De origem no folclore, contavam-se contos de fadas curtos e anônimos para adultos nas aldeias, de geração a geração, tidos como inofensivos e inocentes. Com a invenção da infância pela burguesia, os personagens eram fadas, elfos, magos, dragões, gnomos, anões, princesa e príncipe.

Bettelheim, Andrade e Filha consideram os personagens emblemático dos contos infantis reprodutores da violência de gênero pelos elementos simbólicos que despertam subjetividades na construção identitária. Segundo Bettelheim, a criança entende os significados ocultos da história de maneira inconsciente. A fórmula única para ambos os sexos legitima comportamentos na conformação social. O patriarcado no séc. XIX exigia personagens bons, corretos e benevolentes nos discursos ideológicos impostos.

As narrativas têm sentidos histórico, psicanalítico e sociológico da época, com aspectos morais positivos e negativos. A conformação social normaliza e legitima comportamentos e regras através dos costumes culturais do patriarcado no séc. XIX.   com incestos, canibalismos, infanticídio, abusos, abandonos e punições. Censuradas por muitos pedagogos, os contos de fadas persistem, mas continuam violentos. 

As relações de poder perpetuavam violência feminina nos ideais de menina e menino, príncipe e princesa, o “bem” e o “mal”, masculino e feminino. Padronizavam e normatizavam o amor romântico, o amor eterno, o serem “felizes para sempre”. As versões antigas ilustravam práticas de abusos sexuais e casamentos forçados. Em viés hegemônico, o príncipe se torna o salvador no ideal do feminino e masculino.

As condições precárias e a fome da época justificavam abandono de crianças nas florestas ou à mendicância. O canibalismo era um recurso usado diante a fome extrema.

Nos dias atuai, os  contos  ferem  a Declaração Universal dos Direitos Humano, o Princípio da Dignidade da Pessoa Humana, o Estatuto da Criança e do Adolescente,  agride o Código Penal com Abandono de Incapaz,  Maus-tratos, homicídio, o Código Civil na função social da família nos arts. 1.583 e 1.584 . 

No século XVII, a industrialização ameaçava os contos de fada ao esquecimento.
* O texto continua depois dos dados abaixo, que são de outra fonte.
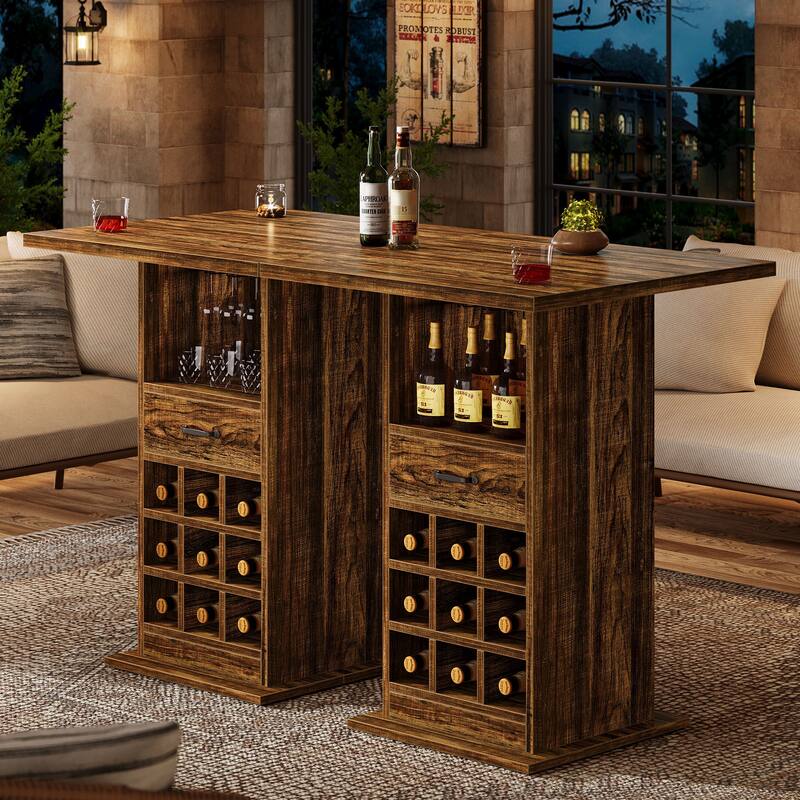 Square Home Bar Unit, Freestanding Bar Cabinet with Storage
O francês Charles Perrault inaugurou o gênero literário moderno de contos infantis para preservar as histórias.   No século XIX, os irmãos Grimm publicou contos germânicos e franceses para o público infantil e adulto, sem o caráter moralizante de Perrault.

As histórias já circulavam antes de Perrault. Nas narrativas, era comum a presença de madrastas. Na época, muitas mulheres morriam de parto e os viúvos casavam-se novamente por precisar de ajuda para criar os filhos. Na maioria das histórias infantis, inclusive quadrinhos, as crianças são órfãs de pai ou da mãe ou de ambos. Há madrastas e bruxas. Subjetivamente, a madrasta é sempre uma pessoa má, até os dias de hoje. 
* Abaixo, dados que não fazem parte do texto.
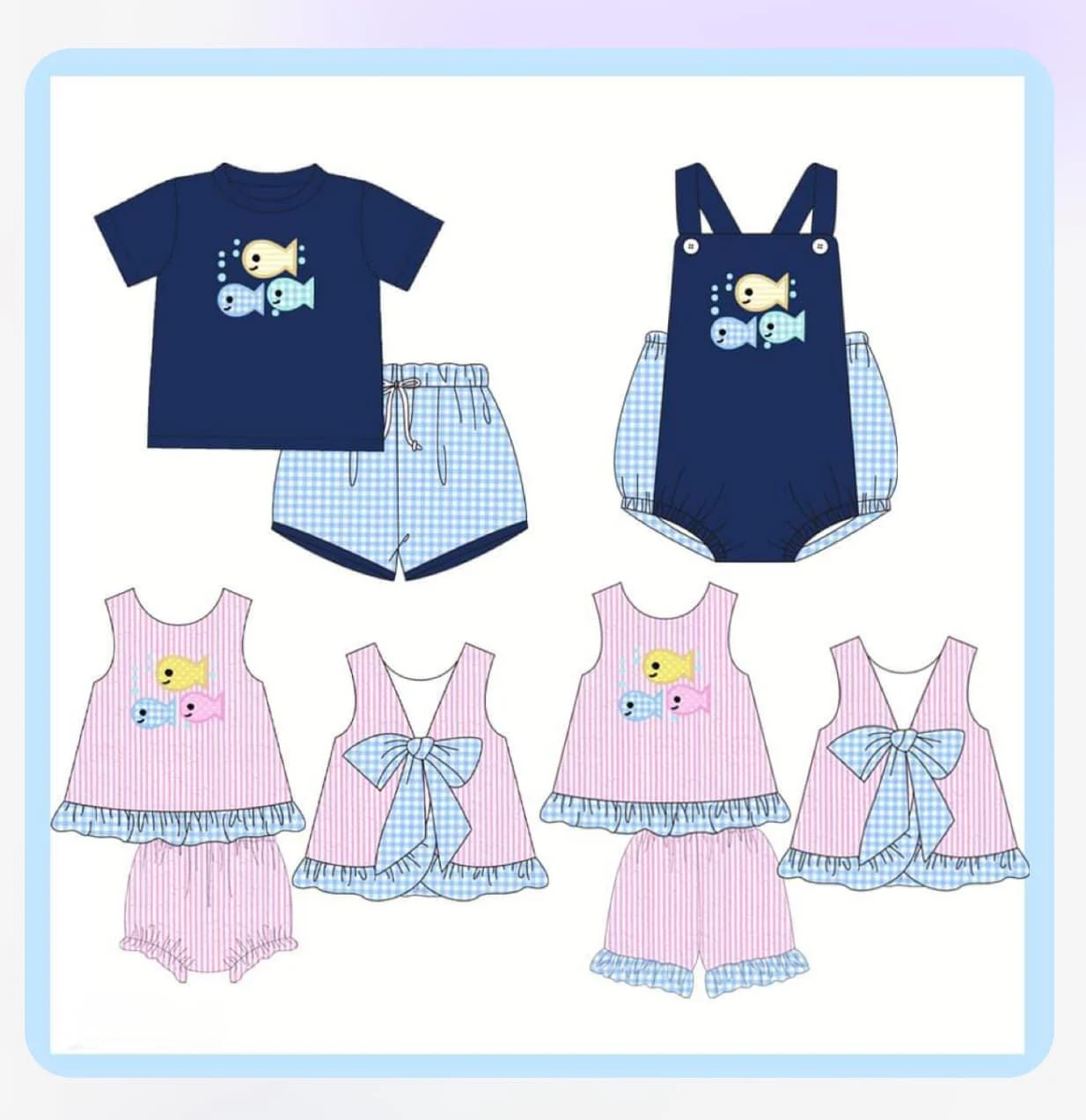 

New design children's milk silk brother and sister summer matching suit fish print element girl big bow design new summer clothi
Chapeuzinho Vermelho é o conto mais violento e o mais famoso de todos. O lobo come a vovó e serve sua carne para Chapeuzinho (canibalismo). Pede que a mocinha tire suas roupas e se deite com ele na cama (abuso).  O verbo “comer “passou a ser uma metáfora erótica até no contexto atual, explícita em todos os idiomas. Nesse conto, aprende-se a não acreditar em tudo e discernir falsas amizades. A violência psicológica em Chapeuzinho Vermelho impõe inferioridade da mocinha, que não consegue mudar a situação sozinha, na hierarquia de gênero é preciso que um homem a salve. 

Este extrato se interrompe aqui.